By request, I thought I would mention some of the other very cultural things I did in London.   Among the many museums we visited (including the National Gallery twice…) the highlights were the Velazquez exhibit at the National Gallery and the Parthenon Marbles at the British Museum.  I was fortunate to have my visit coincide with the opening of the Velazquez exhibit, which was an excellent chronological portrayal of the artist’s development, bringing together many paintings that had not yet been displayed together.   I was surprised that an artist painting in the 1600’s would have the painterly style of Velazquez–rather than focusing on depicting absolute reality, he would let a few well-placed brush strokes indicate changes in light or texture.

 While at the National Gallery I also enjoyed checking out the room with the Rubens paintings, especially ‘Samson and Delilah’ for which the National Gallery paid the second-highest price for a painting to that date.   While studying at the Aegean Center for the Fine Arts in Paros, Greece, I attended a lecture that went through the dubious provenance of that painting.  At first glance I thought that perhaps the naysayers were wrong–the painting is beautiful, and has many similarities in painting style to the ones around it.  However, on closer inspection, and upon stepping back and looking at the four largest paintings together, Samson and Delilah did seem out of place.  For one, the colors are much brighter than the typical Rubens.  Also, the painting last the fine cracking of the other old Rubens paintings.  And some of the painting style did not seem to match quite right.  There are additional incongruities that you can read about at http://afterrubens.org

The British Museum houses expansive collections in an incredible building.  We had time to see only a few exhibits, and the one that the British Museum is perhaps best known for is the Parthenon Marbles– friezes and pediment statues taken from the Parthenon in Athens generations ago.  Though debate is ongoing as to whether these marbles should be returned to Greece, I must say that the British Museum does an excellent job displaying the art and does its awesome origin justice, placing the marbles somewhat as they would appear in the Parthenon, so that visitors can get a sense of the size of the building and the structures in relation to one another.  Furthermore, the pieces are at a good height for viewing–no need to crane one’s neck– and the museum is free so the marbles are highly accessible.
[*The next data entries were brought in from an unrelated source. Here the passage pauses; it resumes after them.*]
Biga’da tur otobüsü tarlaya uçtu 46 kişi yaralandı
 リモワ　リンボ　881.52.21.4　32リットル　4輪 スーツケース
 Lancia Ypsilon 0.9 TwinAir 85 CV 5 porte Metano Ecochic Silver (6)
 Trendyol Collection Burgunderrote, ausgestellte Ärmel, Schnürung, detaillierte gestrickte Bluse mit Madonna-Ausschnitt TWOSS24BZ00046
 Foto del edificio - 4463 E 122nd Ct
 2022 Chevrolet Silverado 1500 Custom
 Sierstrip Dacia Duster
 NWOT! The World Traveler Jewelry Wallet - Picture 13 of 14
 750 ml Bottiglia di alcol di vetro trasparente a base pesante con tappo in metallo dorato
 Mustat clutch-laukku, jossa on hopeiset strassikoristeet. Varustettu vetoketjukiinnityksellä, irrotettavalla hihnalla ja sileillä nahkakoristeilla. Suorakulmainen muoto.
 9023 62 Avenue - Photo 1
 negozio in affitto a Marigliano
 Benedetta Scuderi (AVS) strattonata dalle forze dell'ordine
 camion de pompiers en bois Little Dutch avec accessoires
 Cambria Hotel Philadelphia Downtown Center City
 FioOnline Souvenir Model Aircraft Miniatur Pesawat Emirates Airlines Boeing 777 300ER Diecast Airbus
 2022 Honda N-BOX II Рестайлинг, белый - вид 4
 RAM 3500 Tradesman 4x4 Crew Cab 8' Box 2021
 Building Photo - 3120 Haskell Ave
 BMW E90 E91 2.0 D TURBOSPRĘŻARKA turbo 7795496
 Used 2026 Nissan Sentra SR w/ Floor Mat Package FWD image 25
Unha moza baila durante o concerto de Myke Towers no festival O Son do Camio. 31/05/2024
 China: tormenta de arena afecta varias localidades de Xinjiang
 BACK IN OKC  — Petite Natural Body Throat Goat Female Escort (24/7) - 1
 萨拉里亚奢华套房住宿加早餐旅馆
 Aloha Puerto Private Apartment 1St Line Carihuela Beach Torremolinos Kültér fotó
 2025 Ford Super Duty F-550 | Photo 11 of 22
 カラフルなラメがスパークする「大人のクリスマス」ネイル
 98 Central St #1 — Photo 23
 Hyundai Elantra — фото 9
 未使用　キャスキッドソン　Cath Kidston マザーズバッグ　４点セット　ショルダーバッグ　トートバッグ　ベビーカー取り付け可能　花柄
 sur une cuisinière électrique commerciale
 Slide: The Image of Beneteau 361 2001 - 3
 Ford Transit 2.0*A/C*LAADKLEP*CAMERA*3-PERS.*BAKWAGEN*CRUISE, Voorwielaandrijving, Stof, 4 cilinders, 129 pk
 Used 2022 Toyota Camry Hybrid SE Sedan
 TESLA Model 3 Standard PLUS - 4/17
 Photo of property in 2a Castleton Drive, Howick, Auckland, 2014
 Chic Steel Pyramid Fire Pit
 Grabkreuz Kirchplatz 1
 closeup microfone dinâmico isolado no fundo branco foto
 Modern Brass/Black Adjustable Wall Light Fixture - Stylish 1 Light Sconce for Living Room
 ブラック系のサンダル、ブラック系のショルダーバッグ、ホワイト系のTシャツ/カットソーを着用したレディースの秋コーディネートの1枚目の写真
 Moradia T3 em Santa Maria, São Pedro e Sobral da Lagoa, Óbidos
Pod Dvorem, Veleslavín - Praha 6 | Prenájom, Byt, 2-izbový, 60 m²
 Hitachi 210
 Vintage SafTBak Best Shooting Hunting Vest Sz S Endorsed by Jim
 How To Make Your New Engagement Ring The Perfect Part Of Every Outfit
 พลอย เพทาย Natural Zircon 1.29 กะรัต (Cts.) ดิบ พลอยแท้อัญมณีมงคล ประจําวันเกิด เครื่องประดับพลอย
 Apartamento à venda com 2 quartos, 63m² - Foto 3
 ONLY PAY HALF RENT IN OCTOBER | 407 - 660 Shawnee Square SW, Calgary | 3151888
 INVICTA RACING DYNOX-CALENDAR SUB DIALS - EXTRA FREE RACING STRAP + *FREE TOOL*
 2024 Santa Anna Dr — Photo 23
You can read more and see pictures here:  http://en.wikipedia.org/wiki/Elgin_Marbles

London has unlimited cultural activities, from museums to markets, and my wonderful hosts made sure I was able to see many.

All around London people are wearing little paper poppies on their lapels.  At first I thought it was a British version of the Red Hat Society, but soon learned that it is part of the Poppy Appeal, a drive to raise money for UK war veterans.  Coinciding with Veterans’ Day in the US is Armistice Day in the UK.  While just as in the US, the day has morphed from remembering those who lost their lives in WWI to those who lost their lives in all wars in which the country has fought, here the feeling of loss and remembrance permeates society much more deeply.

Throughout the city architectural incongruities indicate scars of WWII.  Pre-war buildings cover much of parts of the city, to be interrupted by the occasional modern building– a sure sign that the building that had been there previously had been bombed.  Other parts of the city center are totally all new buildings, often indicating much more widespread damage.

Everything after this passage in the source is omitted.